I was recently posed a question by a colleague working at the special historical collections at NTNU (spesialsamlingene) about image formats and archives; this reminded me of work I used to do when I worked as at a technology company.
The problem was that the company needed to provide its salespeople and the salespeople working for agents around the world with the certification documents that the company held for its safety products. These documents were almost without exception provided in paper format, and were maintained in a folder archive
by a single person. The problem with this was that it was never easy to find, and fax the requested document (and there would typically be many requests per day, for different documents). The solution then was to scan the documents and put them on the web — where this was allowed, of course — but many of the agents relied on low-bandwidth connections, and so couldn’t download these large scanned documents (the documents had to be large in order to be legible).
Presented with this problem, I developed a framework to scan the documents in extremely high resolution (1200 dpi) as a black-and-white bitmap. This file was then converted to EPS to then be converted to PDF. The process of conversion was at the time necessary, because I could see no easy way of producing standardized PDFs other than via EPS. The resulting file was 17k per A4 page, and the printing quality was typically that of a normal laser print.
Of course, this process worked well on non-raster documents (typically documents that contained only text), and it worked well in the given context. But I realized that this was an ideal opportunity to plan ahead.
Being interested in information and technology related to information, I had been working with Adobe’s eXstensible Metadata Platform for some time, and I saw an ideal opportunity to implement it here.
I created a simple application based on the APIs provided for Acrobat and Photoshop by Adobe, and used a few commandline tools like gs in order to create a workflow that took the raw scanned files, processed them into a single document, prompted the user for metadata, and then locked the file down using standard Acrobat security. This worked fine, and the document could then be posted to the web. The only problem here was that there was really no point in inserting the metadata, with the exception that you like the idea of a file containing its own metadata, and creating an indestructible link between content and metadata. The problem was that the web presence used by the company was primitive, and there was no way to read the metadata in these files.
O f course, my boss wondered why we were spending time doing this, and then I showed him the way in which the cryptically named files (the files bore the certificate number issued by the certification body) were suddenly searchable on a standard PC, in terms of certification body, product and so forth.
Spool forward a few years, and I get the question mentioned above: we’re looking at putting the image collection online, and I mention the metadata insertion system I outlined above.
The difference being that you can deal with a variety of document types, insert metadata harvested from other sources (our OPAC, for example), and that the system can be used to post directly to the web simply by entering it in to the workflow.
Additional functions could include “purposing”, specifying conversion processes — typically in ImageMagick, but also using Adobe’s graphics server technology — so that users get a file they can use in a wordprocessor file, or in their professional advertising campaign.

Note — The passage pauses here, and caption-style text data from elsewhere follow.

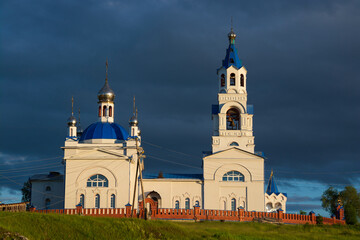 Obraz premium an old Orthodox church on the river bank.sunset sun and black clouds.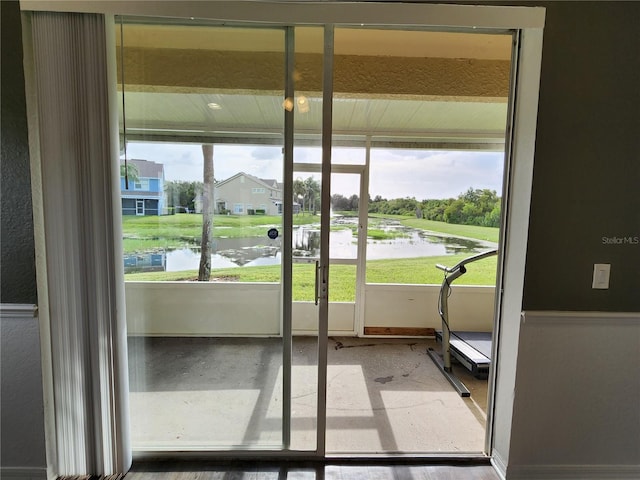 doorway to outside with a healthy amount of sunlight, light hardwood / wood-style flooring, and a water view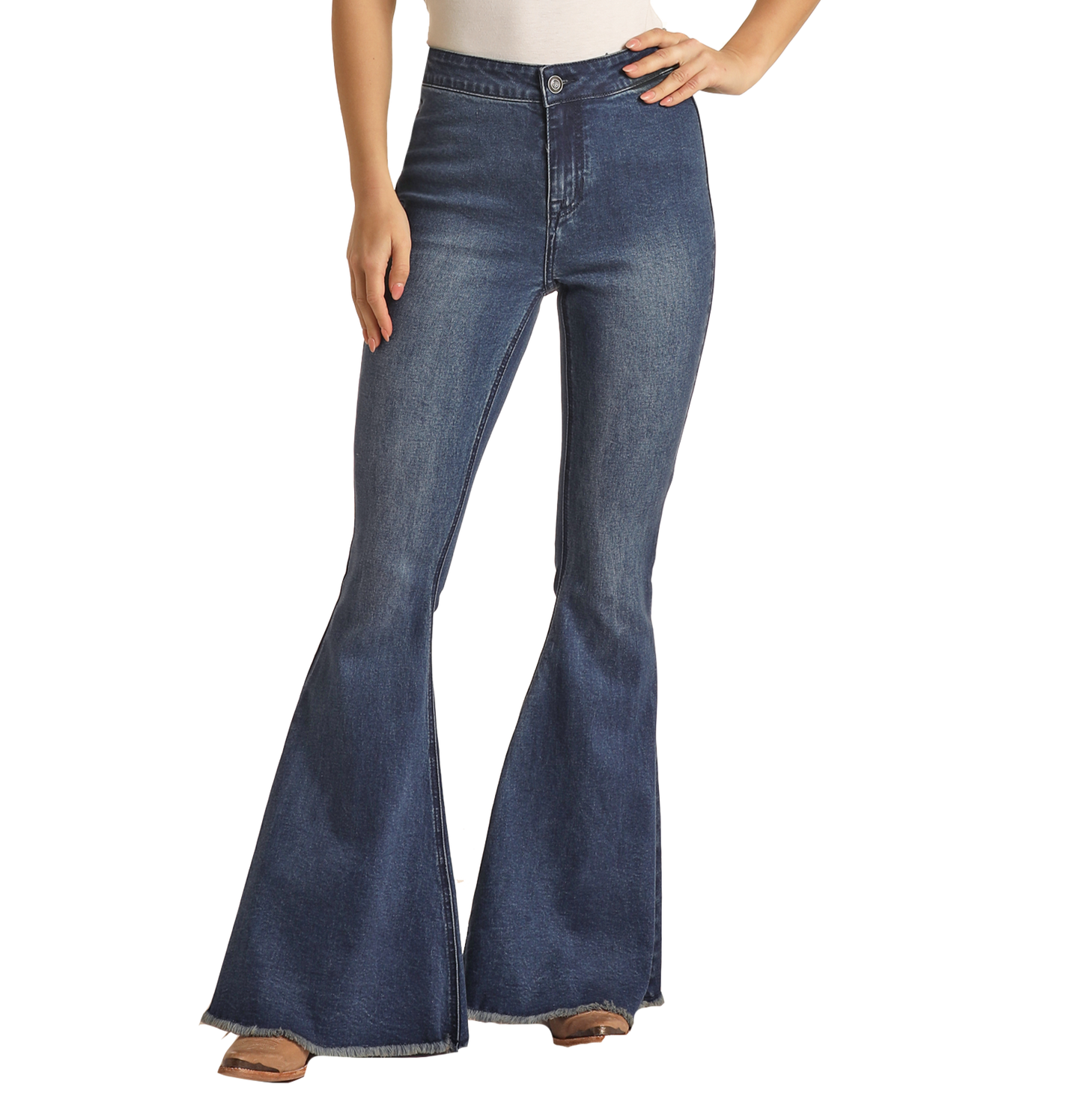 A woman stands confidently with one hand on her hip against a white background, wearing Rock & Roll Denim's Dark Wash High Rise Bell Bottoms featuring stretch denim and a raw hem, paired with tan shoes.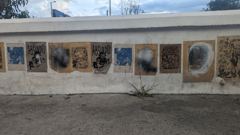 wall with framed mural panels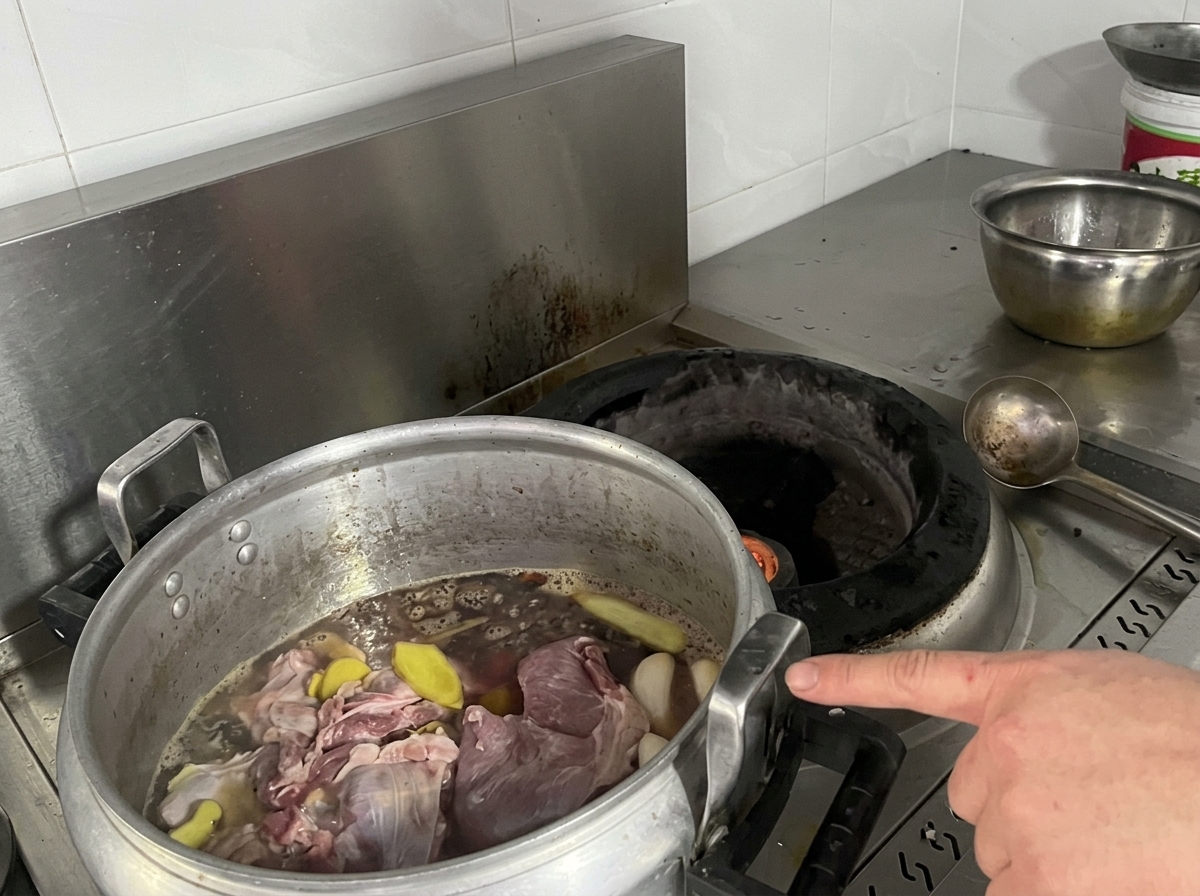 Duży aluminiowy garnek wypełniony surowym mięsem, plastrami imbiru i ciemnym bulionem stojący na kuchence.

One of the things I like about this approach is that it dispenses with the need for a secondary database: the files themselves are the database. I presented a simple parser that retrieves XML metadata from PDFs in a previous post. Of course, the parser I wrote here is ludicrouly simple, and uses a very rough technique to retrieve data. On the other hand, Adobe’s XMP SDK provides advanced methods to retrieve this data, and this provides a promising future for this kind of approach. It’s especially heartening since PDF/A archiving standard for electronic documents came about.